- Exercise brief -
Which lines run from the one with "Let's wait for" through the end of the data? Retype them exactly, without pictures.
[Opening Data records section]
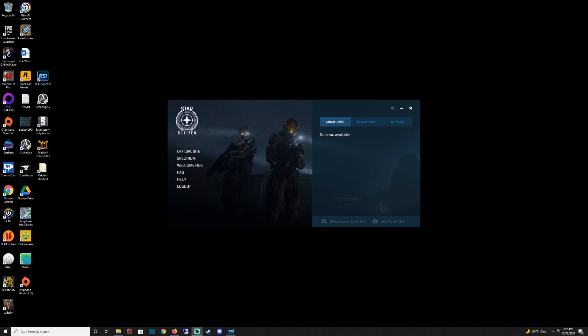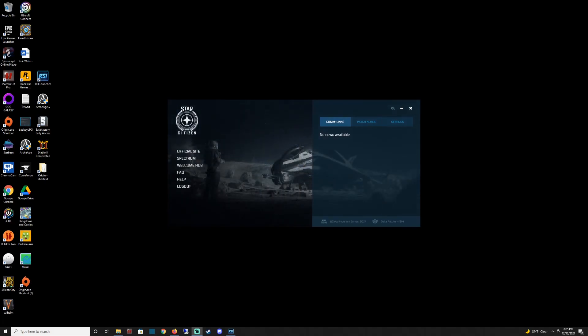I had uninstalled previously before I bought access, whatever you want to call it. I uninstalled from the free weekend and went to reinstall, and I came up with this — when I installed the launcher, it just comes to this RSI launcher screen and never actually downloads anything. So I'm going to show you how to troubleshoot that, how to fix it, and how to get your game downloading and working again.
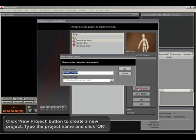Click New Project button to create a new project. Type the project name and click OK.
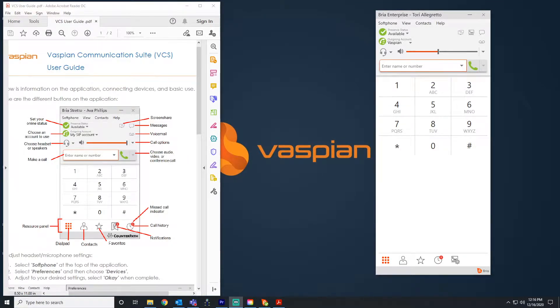Now we've already gone through the buttons on the phone, and on the left side of the screen I have an image as well, just as a reminder while I walk you through the different functions on the phone.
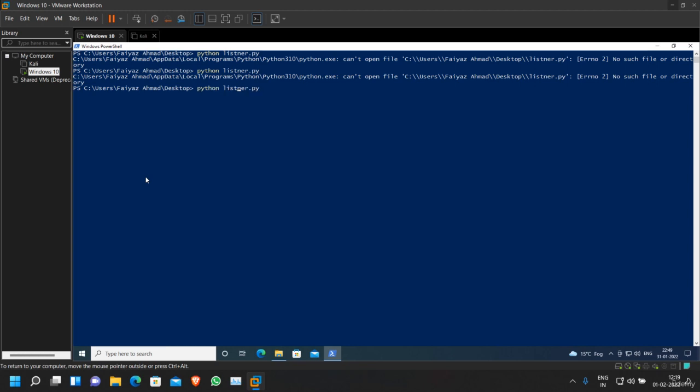Let's wait for a few seconds, and again you can see that we got a connection. So this is what we are going to create in this course.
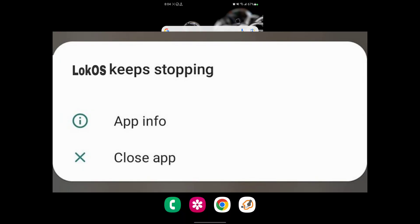How to fix the Locos app keeps dropping problem. In this video I show you how to fix the Locos app keeps dropping problem. For solving this problem, go to the Play Store and update the Locos app.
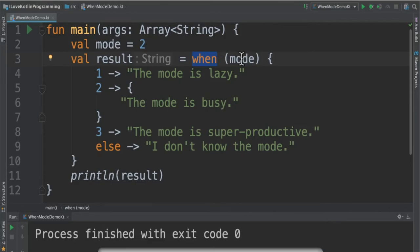In this case mode value 2, this block, this string will be returned and it's stored in the result variable.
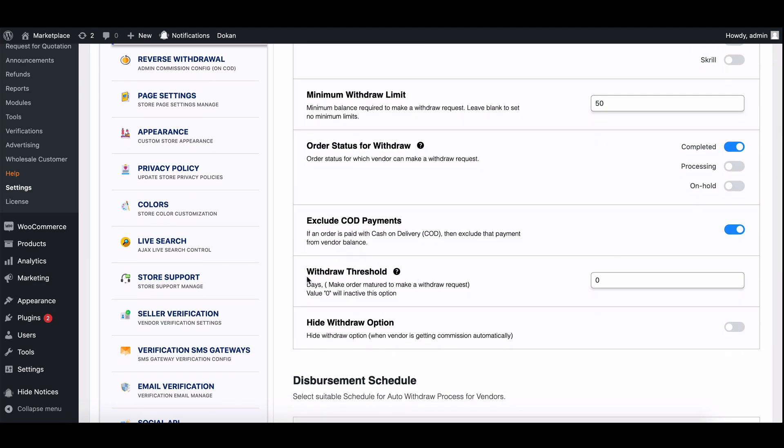Finally, we come to the main feature of the escrow system, the withdraw threshold.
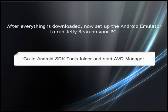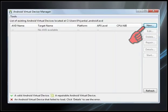Go to Android SDK Tools folder and start AVD Manager. Click on the new button to create a virtual device.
[Closing Data records section]
- Your solution -
Let's wait for a few seconds, and again you can see that we got a connection. So this is what we are going to create in this course.
How to fix the Locos app keeps dropping problem. In this video I show you how to fix the Locos app keeps dropping problem. For solving this problem, go to the Play Store and update the Locos app.
In this case mode value 2, this block, this string will be returned and it's stored in the result variable.
Finally, we come to the main feature of the escrow system, the withdraw threshold.
Go to Android SDK Tools folder and start AVD Manager. Click on the new button to create a virtual device.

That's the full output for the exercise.